Data extract section start
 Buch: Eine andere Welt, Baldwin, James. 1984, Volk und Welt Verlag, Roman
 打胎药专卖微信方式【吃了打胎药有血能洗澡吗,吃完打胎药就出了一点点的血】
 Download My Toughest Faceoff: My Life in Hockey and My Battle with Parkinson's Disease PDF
Data extract section end
Data extract section start
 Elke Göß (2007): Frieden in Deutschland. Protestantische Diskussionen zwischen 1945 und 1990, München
Data extract section end
Data extract section start
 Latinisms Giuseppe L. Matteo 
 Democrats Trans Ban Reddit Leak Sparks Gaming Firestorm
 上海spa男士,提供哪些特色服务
Data extract section end
Retype, in the same exact form, the lines of the material above from the line holding "Buch: Eine andere" through the line holding "Download My Toughest".

● **Task answer**:
 Buch: Eine andere Welt, Baldwin, James. 1984, Volk und Welt Verlag, Roman
 打胎药专卖微信方式【吃了打胎药有血能洗澡吗,吃完打胎药就出了一点点的血】
 Download My Toughest Faceoff: My Life in Hockey and My Battle with Parkinson's Disease PDF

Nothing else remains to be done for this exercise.